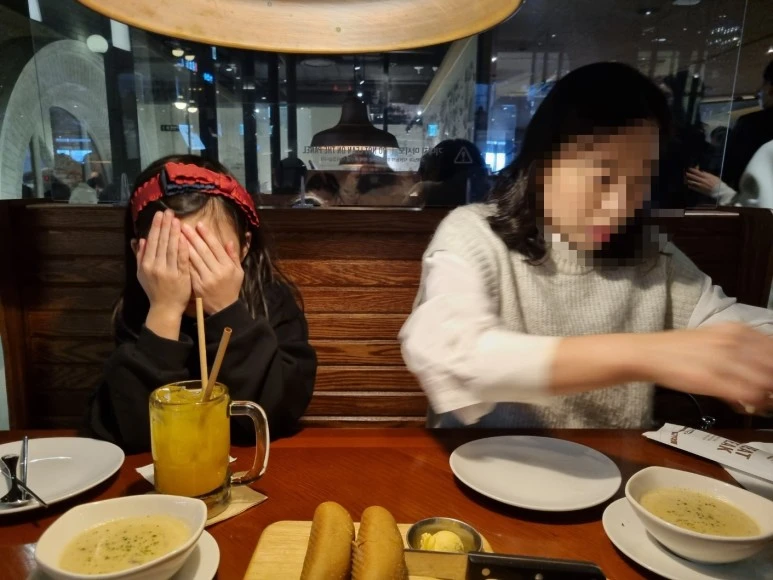 SE-ceb951e7-8fb1-49ed-9971-26675d3c07bb.jpg?type=w773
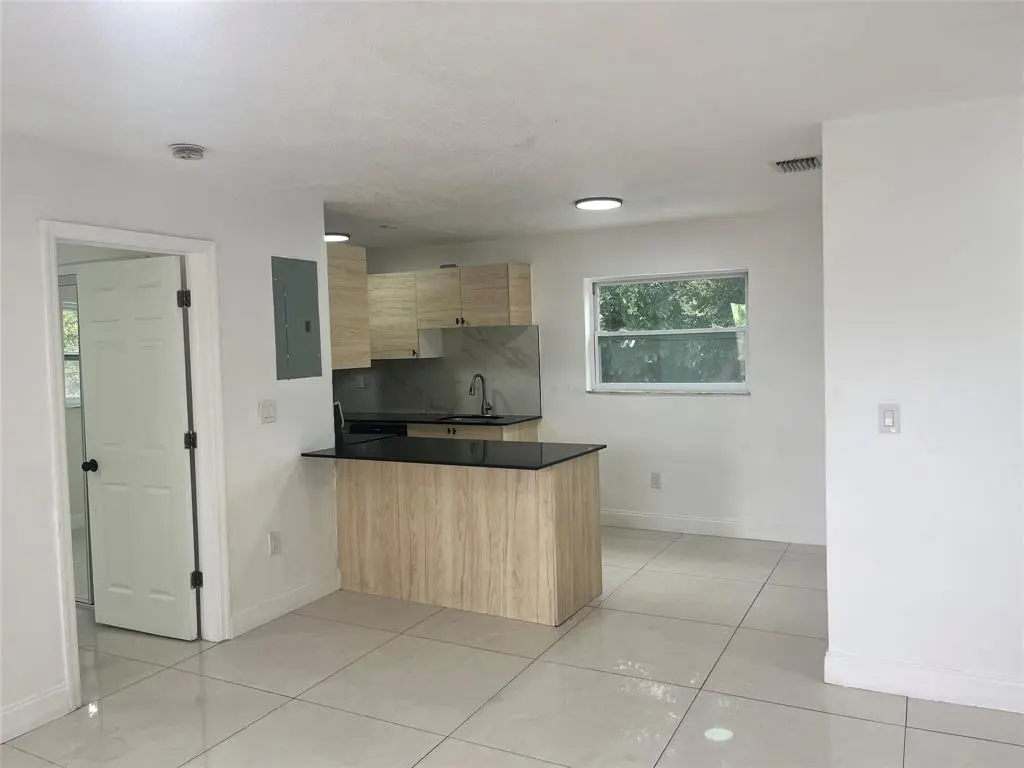 Miami, FL 33125,1604 NW 24th Ct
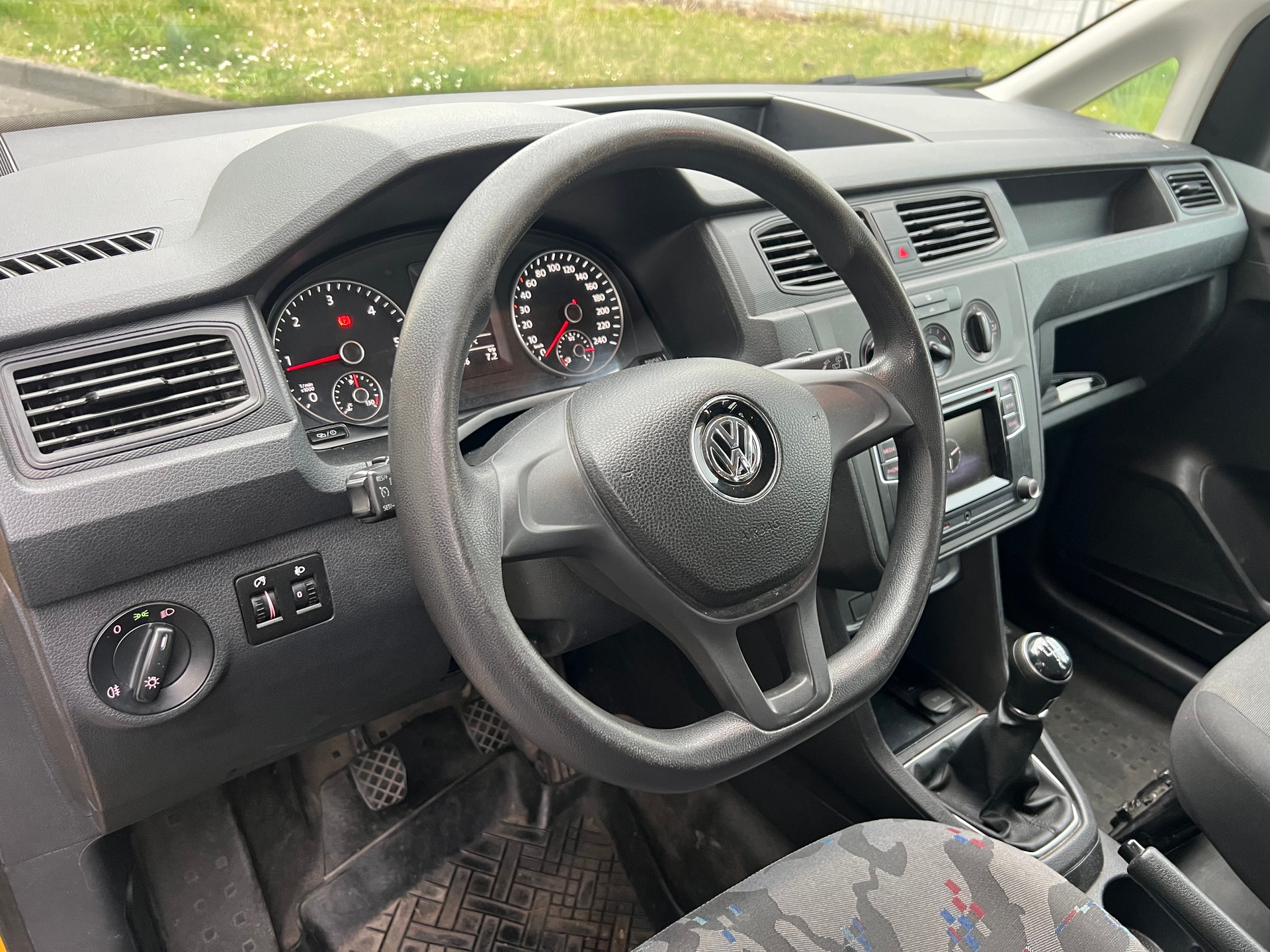 VW Caddy 2.0TDI 4Motion BlueMotion Technology-image-8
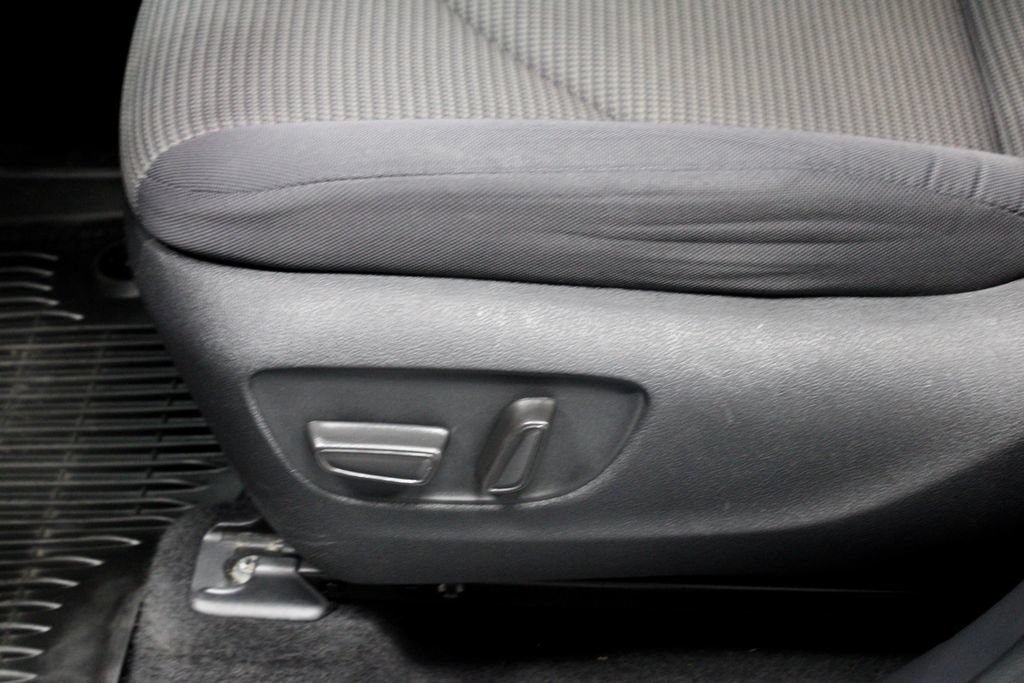 Used 2022 Toyota Highlander LE AWD/4WD image 23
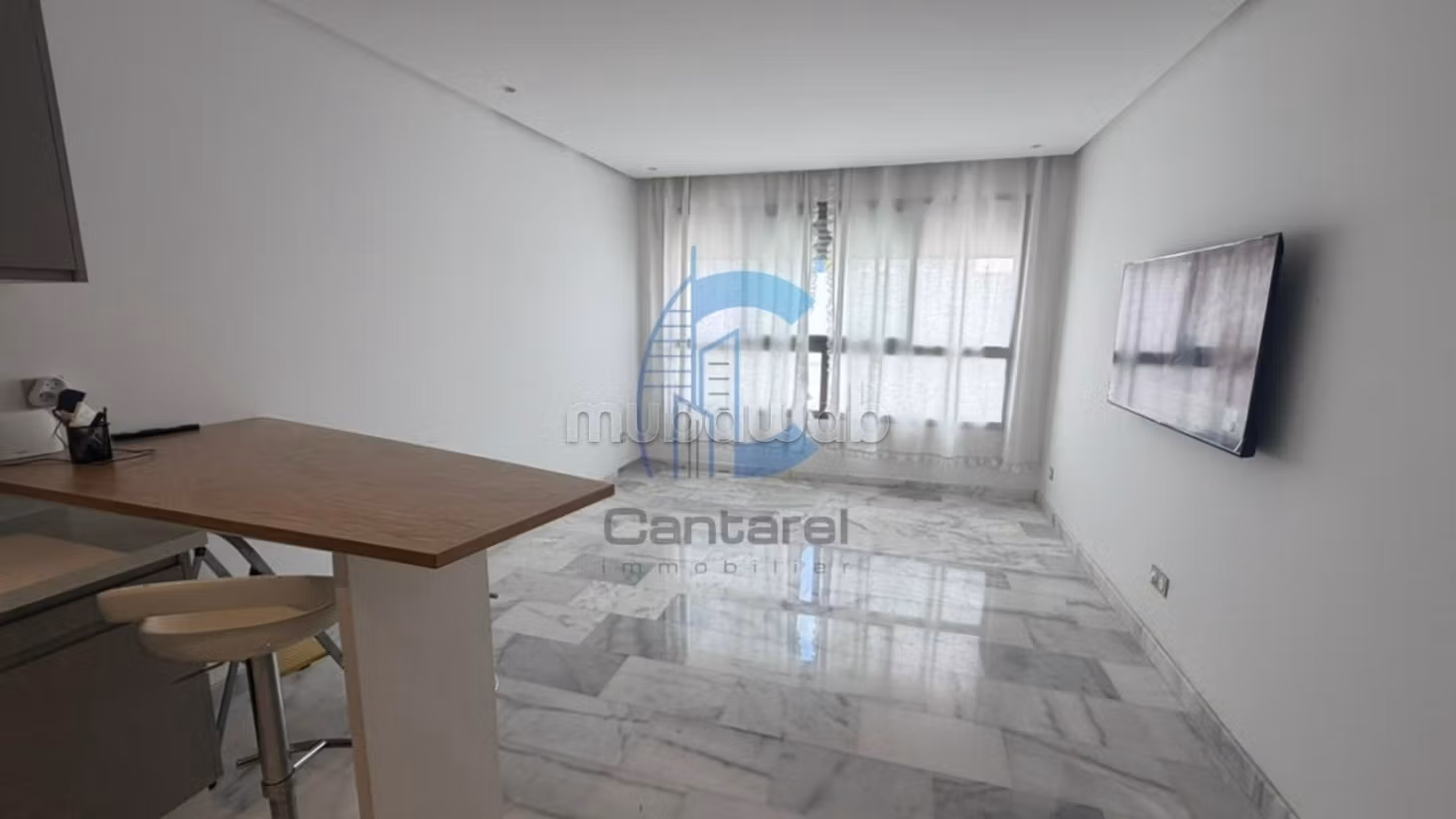 Bellissimo studio semi-arredato in affitto a Palmier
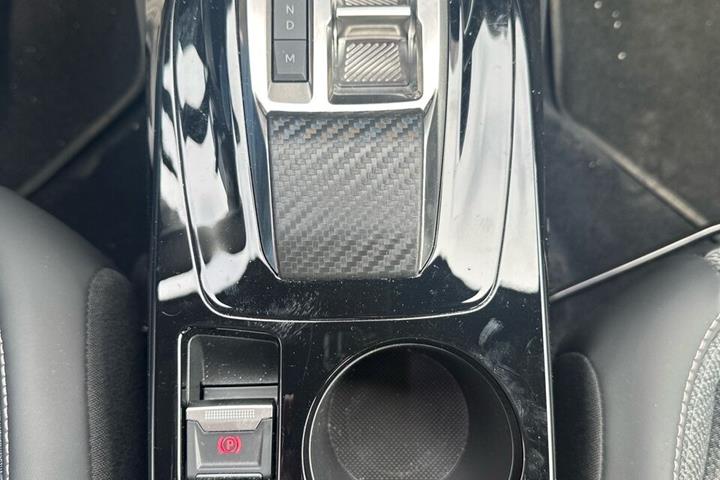 Grå Peugeot 2008 fra 2024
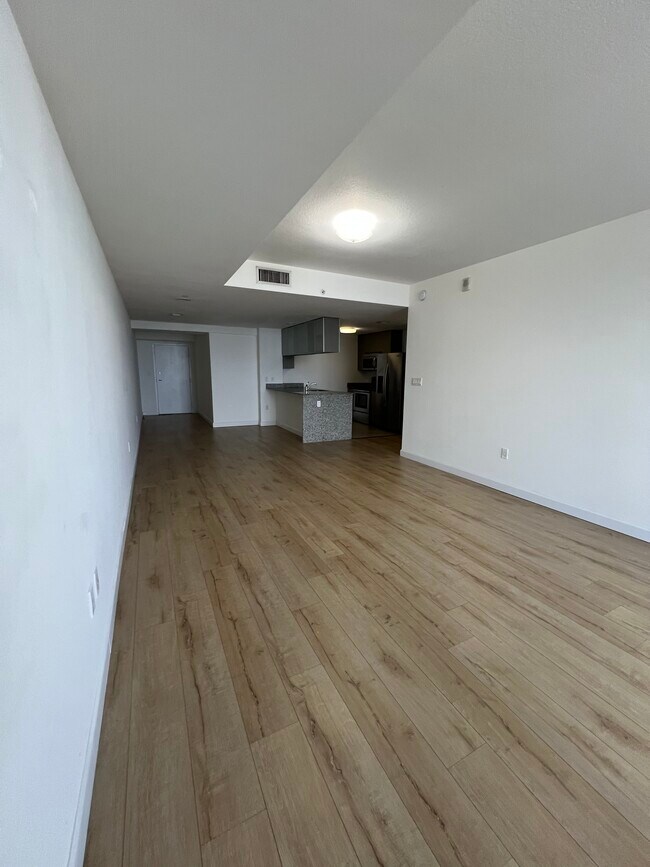 Photo - 255 NE 14th St Unidad B1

_WHAT YOU SHOULD DO_
From the line containing "Bellissimo studio semi-arredato" down to the final line of the material above, reproduce each line exactly and include no images.

_RESPONSE TO THE EXERCISE_
 Bellissimo studio semi-arredato in affitto a Palmier
 Grå Peugeot 2008 fra 2024
 Photo - 255 NE 14th St Unidad B1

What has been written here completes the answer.